Humans and many other mammals maintain their body temperature at about 37°C (98.6°F), which is ideal for all regulatory processes. The functions are compromised when their body temperature noticeably deviates from the normal range, which could result in heat stroke, hypothermia, or, in the worst-case scenario, death. However, if body temperature can be artificially brought into the normal range, these problems might be addressed.
The preoptic area of the hypothalamus, which regulates the body’s essential processes, is where the brain’s temperature control center is located. For instance, the preoptic area sends a signal to the body to increase the temperature to combat viruses, germs, and other disease-causing organisms when it receives signals from the mediator prostaglandin E (PGE2), which is created in response to infections.
However, it is still unclear which neurons in the preoptic area release command to increase or decrease body temperature.
A research group at Nagoya University in Japan has identified critical neurons that maintain body temperature at 37°C in mammals. In their study, they reported that a group of neurons, called EP3 neurons, in the brain’s preoptic area play a key role in regulating mammalian body temperature.
In the study of rats, scientists mainly focused on EP3 neurons in the preoptic area, which express EP3 receptors of PGE2, and investigated the function for regulating body temperature.
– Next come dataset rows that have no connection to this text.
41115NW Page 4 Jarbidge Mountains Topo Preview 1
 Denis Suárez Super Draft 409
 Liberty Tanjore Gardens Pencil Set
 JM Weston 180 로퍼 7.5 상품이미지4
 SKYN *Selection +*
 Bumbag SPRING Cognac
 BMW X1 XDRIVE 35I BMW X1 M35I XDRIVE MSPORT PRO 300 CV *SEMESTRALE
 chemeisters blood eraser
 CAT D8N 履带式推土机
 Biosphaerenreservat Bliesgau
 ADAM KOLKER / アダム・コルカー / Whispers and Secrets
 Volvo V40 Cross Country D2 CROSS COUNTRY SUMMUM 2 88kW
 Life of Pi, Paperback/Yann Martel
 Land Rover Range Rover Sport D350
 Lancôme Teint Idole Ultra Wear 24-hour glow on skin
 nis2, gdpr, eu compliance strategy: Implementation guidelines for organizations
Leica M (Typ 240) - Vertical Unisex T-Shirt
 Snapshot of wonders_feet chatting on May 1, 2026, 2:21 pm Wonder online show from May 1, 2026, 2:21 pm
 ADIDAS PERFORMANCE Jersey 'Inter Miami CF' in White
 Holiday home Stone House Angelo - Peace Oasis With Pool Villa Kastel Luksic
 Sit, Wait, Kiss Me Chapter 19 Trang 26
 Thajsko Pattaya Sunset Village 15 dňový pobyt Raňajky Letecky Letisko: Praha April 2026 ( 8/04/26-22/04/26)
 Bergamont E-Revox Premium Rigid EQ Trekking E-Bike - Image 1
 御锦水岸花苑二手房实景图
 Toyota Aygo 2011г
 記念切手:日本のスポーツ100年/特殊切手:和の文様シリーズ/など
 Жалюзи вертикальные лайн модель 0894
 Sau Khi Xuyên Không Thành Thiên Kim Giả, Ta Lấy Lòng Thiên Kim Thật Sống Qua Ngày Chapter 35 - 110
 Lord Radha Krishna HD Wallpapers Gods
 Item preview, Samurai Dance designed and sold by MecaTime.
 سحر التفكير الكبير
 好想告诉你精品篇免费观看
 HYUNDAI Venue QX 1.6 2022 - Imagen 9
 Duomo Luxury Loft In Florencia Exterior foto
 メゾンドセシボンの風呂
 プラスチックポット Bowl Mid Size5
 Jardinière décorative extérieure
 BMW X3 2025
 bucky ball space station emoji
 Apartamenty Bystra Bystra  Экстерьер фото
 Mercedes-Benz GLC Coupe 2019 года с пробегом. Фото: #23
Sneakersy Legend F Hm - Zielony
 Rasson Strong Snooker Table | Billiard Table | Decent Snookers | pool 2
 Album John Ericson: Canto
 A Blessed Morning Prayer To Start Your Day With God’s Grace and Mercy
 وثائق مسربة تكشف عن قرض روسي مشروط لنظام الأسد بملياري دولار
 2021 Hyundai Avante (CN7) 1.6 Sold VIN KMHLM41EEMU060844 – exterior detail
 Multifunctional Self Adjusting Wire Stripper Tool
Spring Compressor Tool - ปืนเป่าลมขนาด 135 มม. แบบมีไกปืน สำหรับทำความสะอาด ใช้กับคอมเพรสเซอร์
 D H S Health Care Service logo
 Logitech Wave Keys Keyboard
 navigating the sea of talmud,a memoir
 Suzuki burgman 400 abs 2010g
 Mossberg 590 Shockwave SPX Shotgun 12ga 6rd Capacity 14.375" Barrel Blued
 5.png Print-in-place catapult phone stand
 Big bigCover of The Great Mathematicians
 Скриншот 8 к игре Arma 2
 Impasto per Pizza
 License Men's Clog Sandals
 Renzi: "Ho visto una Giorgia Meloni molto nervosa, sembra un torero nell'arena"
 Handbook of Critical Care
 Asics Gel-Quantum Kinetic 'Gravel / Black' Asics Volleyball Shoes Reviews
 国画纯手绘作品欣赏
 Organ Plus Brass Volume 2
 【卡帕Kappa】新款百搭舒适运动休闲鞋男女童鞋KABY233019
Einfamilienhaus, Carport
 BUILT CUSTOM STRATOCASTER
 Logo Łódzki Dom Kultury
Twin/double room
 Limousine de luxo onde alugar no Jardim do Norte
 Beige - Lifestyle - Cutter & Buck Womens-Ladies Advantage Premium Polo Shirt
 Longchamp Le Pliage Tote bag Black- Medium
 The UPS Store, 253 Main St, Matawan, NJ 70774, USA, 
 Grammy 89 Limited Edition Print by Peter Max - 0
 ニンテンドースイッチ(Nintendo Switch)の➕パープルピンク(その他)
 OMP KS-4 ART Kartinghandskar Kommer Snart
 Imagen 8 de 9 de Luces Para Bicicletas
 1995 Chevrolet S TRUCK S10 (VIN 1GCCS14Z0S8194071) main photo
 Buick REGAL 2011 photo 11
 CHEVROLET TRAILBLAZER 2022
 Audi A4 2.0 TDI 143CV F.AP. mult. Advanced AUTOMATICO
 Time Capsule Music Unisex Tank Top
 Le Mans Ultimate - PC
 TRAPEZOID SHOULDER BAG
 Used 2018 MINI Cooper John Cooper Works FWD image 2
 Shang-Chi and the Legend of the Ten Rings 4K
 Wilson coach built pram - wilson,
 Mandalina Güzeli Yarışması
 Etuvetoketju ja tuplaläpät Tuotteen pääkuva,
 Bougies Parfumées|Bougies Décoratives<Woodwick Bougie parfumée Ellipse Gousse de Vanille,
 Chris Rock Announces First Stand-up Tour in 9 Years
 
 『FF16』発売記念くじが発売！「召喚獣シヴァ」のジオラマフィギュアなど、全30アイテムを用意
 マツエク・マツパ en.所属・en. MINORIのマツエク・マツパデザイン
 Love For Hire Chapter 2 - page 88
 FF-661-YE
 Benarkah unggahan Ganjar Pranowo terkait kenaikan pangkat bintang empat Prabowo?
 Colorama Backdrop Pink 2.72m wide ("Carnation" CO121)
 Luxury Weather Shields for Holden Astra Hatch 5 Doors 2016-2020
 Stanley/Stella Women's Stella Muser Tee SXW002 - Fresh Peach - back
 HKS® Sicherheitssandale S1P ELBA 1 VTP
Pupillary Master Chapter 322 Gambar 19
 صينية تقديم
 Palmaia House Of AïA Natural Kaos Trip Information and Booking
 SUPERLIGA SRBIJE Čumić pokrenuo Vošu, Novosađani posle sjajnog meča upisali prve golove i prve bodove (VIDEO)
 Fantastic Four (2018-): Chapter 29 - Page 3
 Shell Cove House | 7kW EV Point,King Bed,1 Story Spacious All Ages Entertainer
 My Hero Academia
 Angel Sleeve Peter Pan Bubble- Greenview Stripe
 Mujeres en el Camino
Scientists first looked into how variations in environmental temperature affect the firing of EP3 neurons in the preoptic region. Rats like a temperature of about 28 °C for their habitat. The mice were subjected to cold (4°C), room (24°C), and hot (36°C) conditions for two hours. The findings demonstrated that exposure to 4°C and 24°C did not activate EP3 neurons, but exposure to 36°C did.
To determine where the signals from EP3 neurons are transmitted, the scientists then looked at the nerve fibers of EP3 neurons in the preoptic region. The study found that nerve fibers are dispersed throughout the brain, especially in the dorsomedial hypothalamus (DMH), responsible for sympathetic nervous system activation. Gamma-aminobutyric acid (GABA), a potent inhibitor of neuronal excitation, is the molecule that EP3 neurons use for the signal transfer to DMH, according to their investigation.
Scientists experimentally altered EP3 neurons’ activity using a chemogenetic method better to understand these neurons’ function in temperature regulation. They discovered that raising body temperature resulted from suppressing the neurons’ activity while lowering it resulted from activating them.
Together, the results of this study demonstrated that EP3 neurons in the preoptic area are essential for controlling body temperature because they release GABA to communicate inhibitory signals to DMH neurons, which regulate sympathetic responses.
Professor Kazuhiro Nakamura at Nagoya University said, “Probably, EP3 neurons in the preoptic area can precisely regulate the signal strength to fine-tune body temperature.”
“For example, in a hot environment, signals are augmented to suppress sympathetic outputs, resulting in increased blood flows in the skin to facilitate the radiation of the body’s heat to prevent heat stroke. However, in a cold environment, signals are reduced to activate sympathetic outputs, which promote heat production in brown adipose tissue and other organs to prevent hypothermia. Furthermore, at the time of infection, PGE2 acts on EP3 neurons to suppress their activity, activating sympathetic outputs to develop a fever.”
The results of this study may lead to the creation of a technology that artificially modifies body temperature and has potential applications in numerous medical specialties. Interestingly, this technology may help treat obesity by maintaining a slightly elevated body temperature that encourages fat burning.
Prof. Nakamura said, “On top of that, this technology could lead to new strategies for the survival of people in hotter global environments, which are becoming a serious worldwide problem.”